Hash Functions: the modulo prime myth 2

Category: Algorithm   Tags: , , ,

I felt the need to write about this topic again. In my previous article, I received no less than 12 comments, all in a misguided effort to try to discredit the research showing that doing hash % prime does not result in a better distribution. (I also thank them in that they help make the analysis more rigorous)

JM: Assume by some stroke of bad luck that your primary hash function does not yield evenly distributed hashes, then computing the index by taking hash % bucket-count with bucket-count prime eliminates the most common cases of collisions.

The problem with this often cited argument is that somehow, using a prime will magically solve the most common cases. What exactly are these common cases? When did it become good science to automatically assume that it is common to output numbers that share a factor with the modulus?

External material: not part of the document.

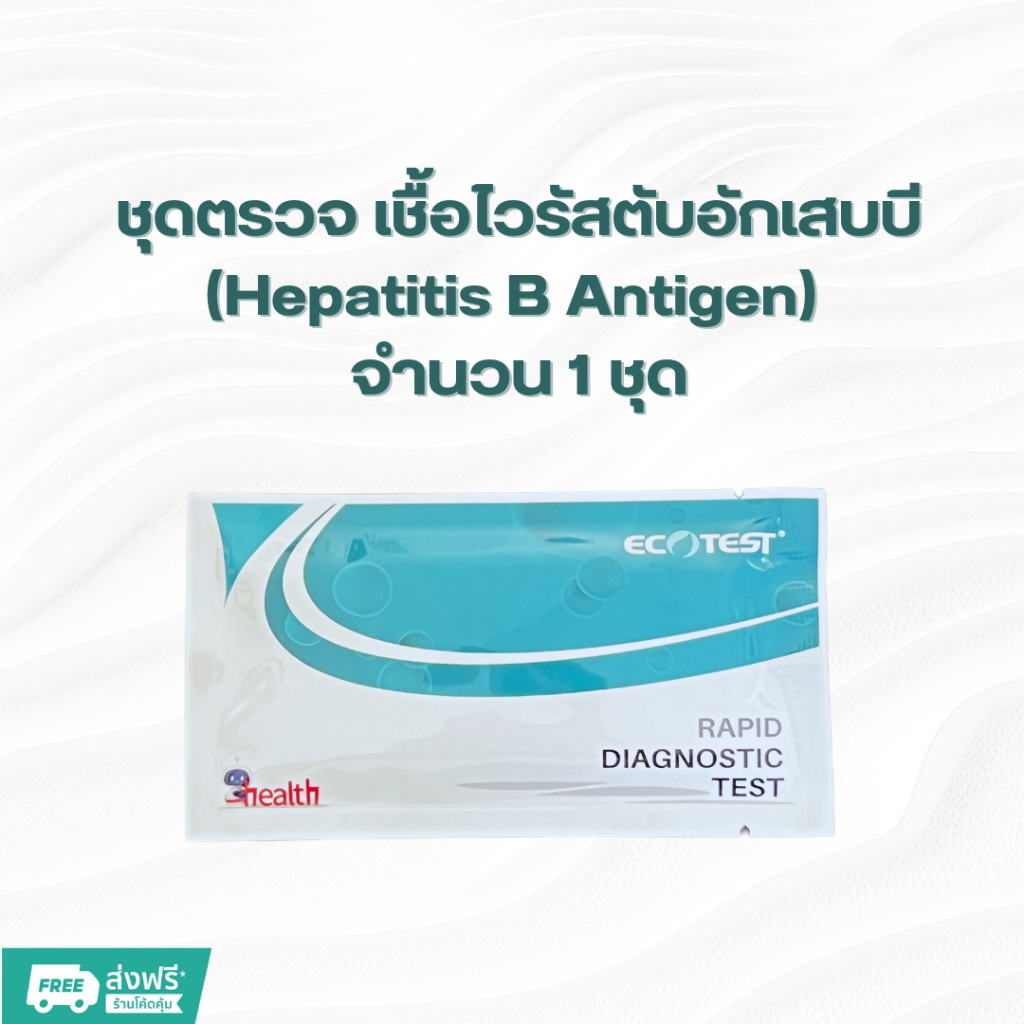 ชุดตรวจหาเชื้อไวรัสตับอักเสบบี (HBsAg)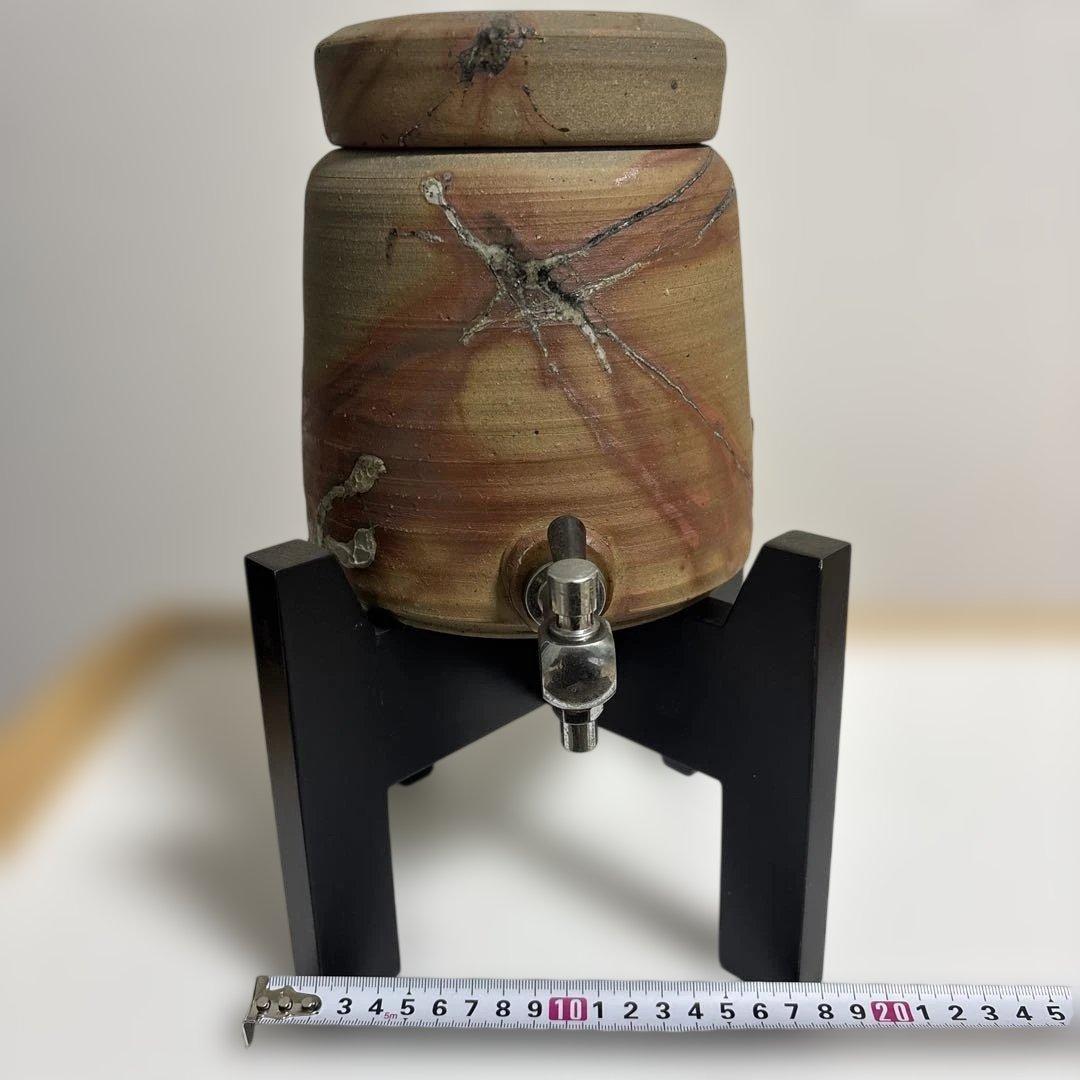 備前焼焼酎サーバー 陶器製 木製スタンド付き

Jason: Using a uniform distribution is the problem. A uniformly distributed set is going to hash nicely regardless of how many buckets you’re hashing into, assuming a decent hash function. You use a prime number of buckets to deal with the general case of an unknown distribution.

This is another often cited argument. The problem with this one is that hash functions are built specifically to have a uniformly distributed output. The test was not about the hash function itself. It was about the modulus at the very end.

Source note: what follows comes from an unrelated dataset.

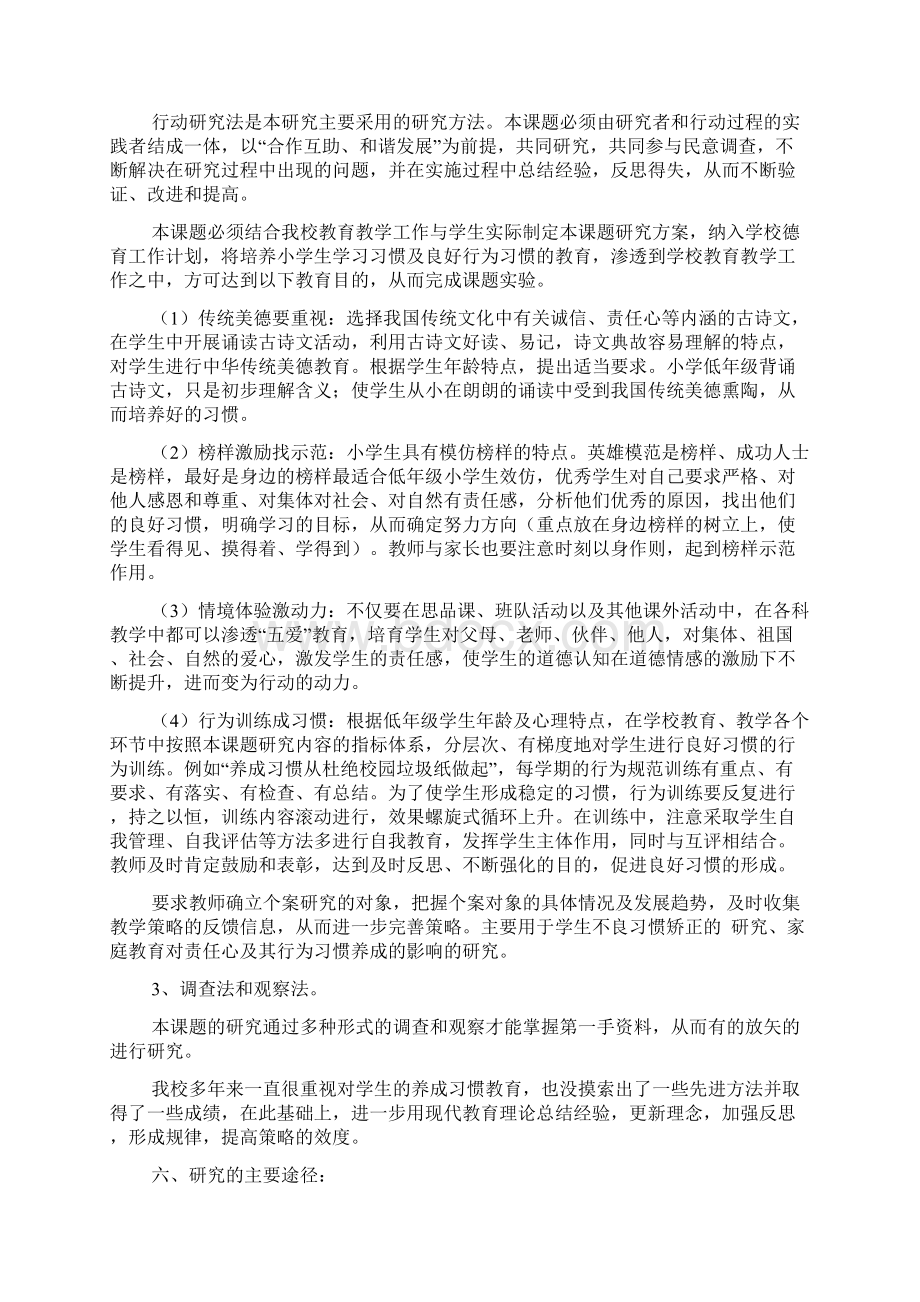 《小学低年级学生良好习惯的培养》实施方案.docx_第3页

  1. I = low entropy data (low randomness)
  2. H = Perfect Hash Function
  3. H(I) = high entropy data (high randomness) equal to random numbers
  4. bucket = (H(I) or random number) % m  this is where the experiment is!

Appeasing the critics

Many people wanted me to do this:

  1. I = low entropy data
  2. H = Bad Hash Function
  3. H(I) = unknown entropy
  4. bucket = H(I) % m

Their reasoning was that most people make bad hash functions that some how end up as multiples of the modulus (not repeating, because any modulus would not matter).

Attacking the problem

Now despite the fact that Paul Hsieh had already shown (allegedly) that a prime modulus could yield bad collisions, how do we find out for ourselves?

There are some problems with this.

  • How do you specifically craft low entropy data without bias that would test prime modulus’ in general?

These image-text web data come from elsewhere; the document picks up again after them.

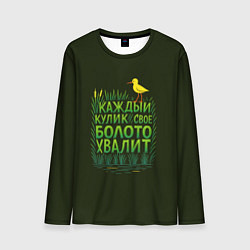 Лонгслив мужской Каждый кулик свое болото хвалит болотный арт, цвет: 3D-принт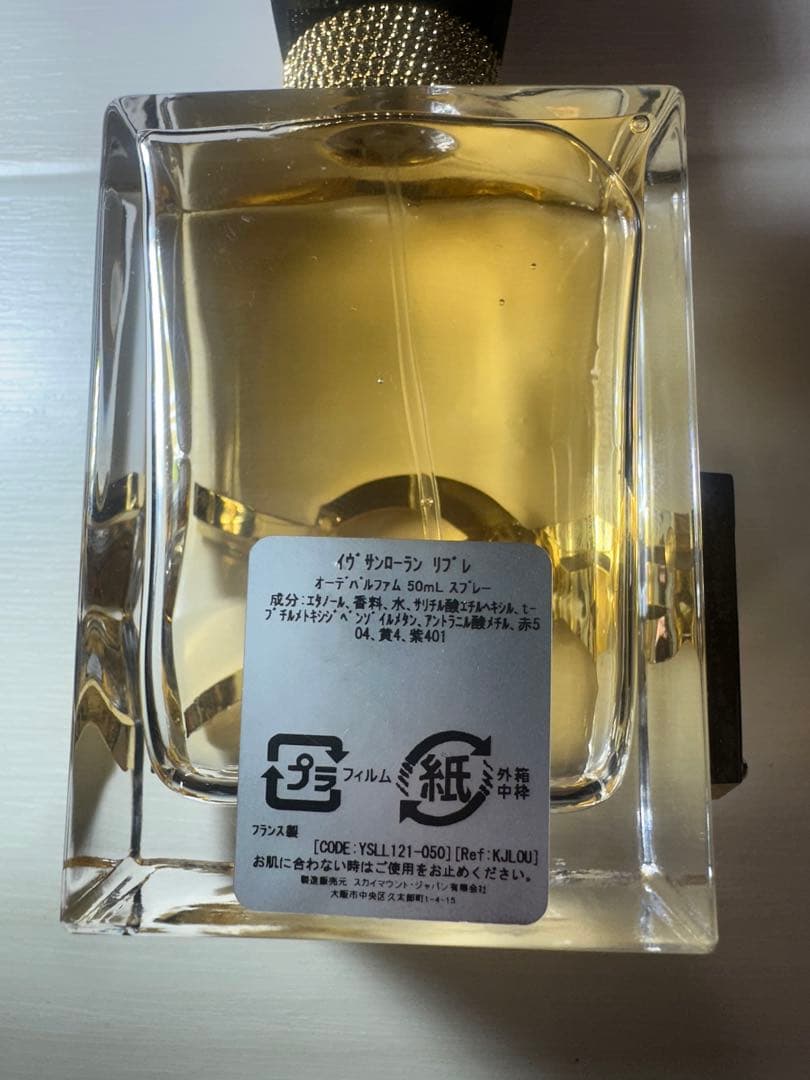 YSL リブレ オードパルファム50ml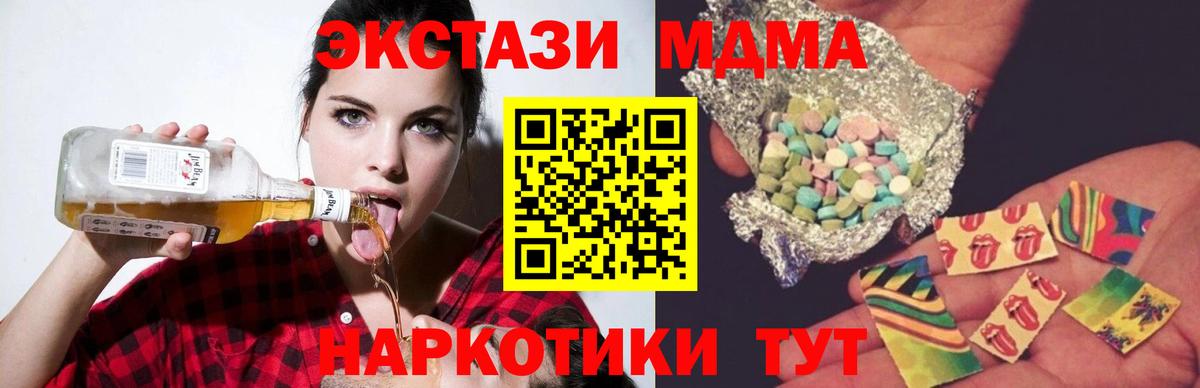 MDMA crystal Мегион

I believe this is impossible, so I decided to go with the English dictionary, since its a common task to hash words. (I used the wamerican dictionary that comes with Ubuntu, link below).

  • How do you specifically make a mediocre hash function without bias that would test hash functions in general?

I believe this is impossible too, so I decided to go with Knuth’s additive hash as described in TAOCP Chapter 3. It is probably widely used by beginners for its speed and simplicity.

ub4 additive( char *key, size_t len, ub4 prime)
{
  ub4    hash;
  size_t i;
  for (hash=(ub4)len, i=0; i<len; ++i) hash = hash+key[i];
  return (hash % prime);
}

Here are the results of the primes vs composites using the deviation from perfect hash equation I detailed in the previous article. I tested primes up to 1021 which is approximately 2^10 and about half of the maximum hash in this dataset.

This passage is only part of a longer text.